Closed camertron closed 10 years ago

camertron commented 10 years ago

Consider this regex (for matching postal codes from Ecuador): /[A-Z]\d{4}[A-Z]|(?:[A-Z]{2})?\d{6}/. The alternation in the middle should effectively split the regex down the middle, since the alternation operator should have the lowest precedence of all regex operators. The AST should look like this:

                root
                 |
                alt
               /   \
[A-Z]\d{4}[A-Z]    (?:[A-Z]{2})?\d{6}

However, the AST generated by regexp_parser looks like this:

                    root
                    /  \
                 alt    \d{6}
                /   \
[A-Z]\d{4}[A-Z]      (?:[A-Z]{2})?

I'm not sure how to go about fixing this, any thoughts?

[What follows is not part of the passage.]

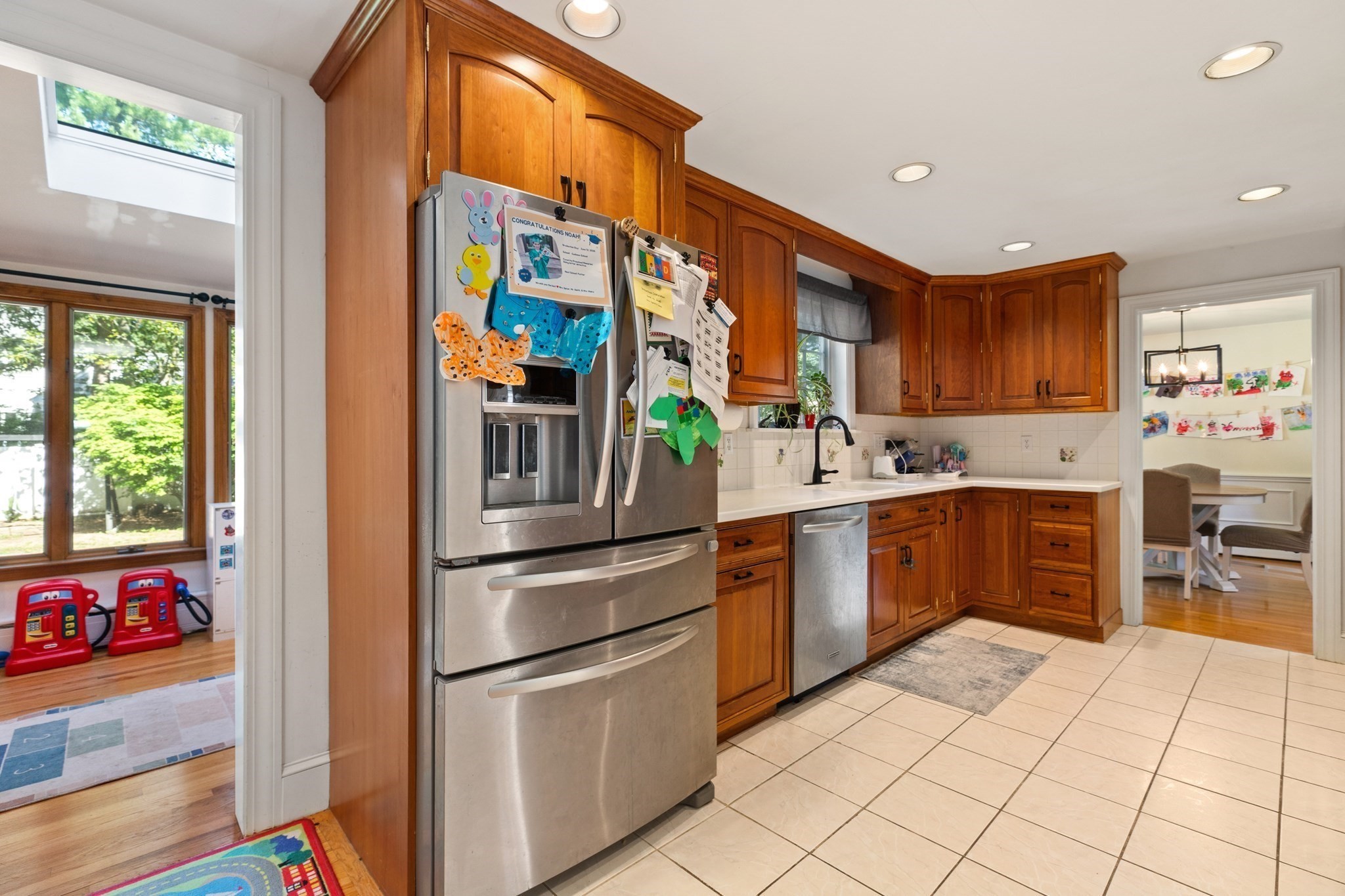 53 Eleanor St, Dartmouth, MA 02747 - Image 4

ammar commented 10 years ago

Hi @camertron. Thanks for pointing it out. I will try to look at it this weekend.

I would start by looking at the meta method in the parser (lib/parser.rb). That's were the alternation sequences get "compiled". Perhaps it needs to look back further than the last node when it's a quantifier or a quantified group? Not sure. I would have to dig in to get a better idea.

Cheers!

ammar commented 10 years ago

Insomnia, so...

The problem happens when the last group is closed and the nesting is exited. Adding the following as the last line to the close_group method in the parser fixes the issue, and does not break any tests.

@node = @node.last if @node.last.is_a?(Alternation)

I will check this in tomorrow, after I run a few more tests, with a fresh brain.

camertron commented 10 years ago

Great, thanks @ammar! You're always so fast answering and fixing these issues, thank you :)

ammar commented 10 years ago

My pleasure. Always happy to help. Also happy that some have found applications for this rather esoteric gem. Cheers!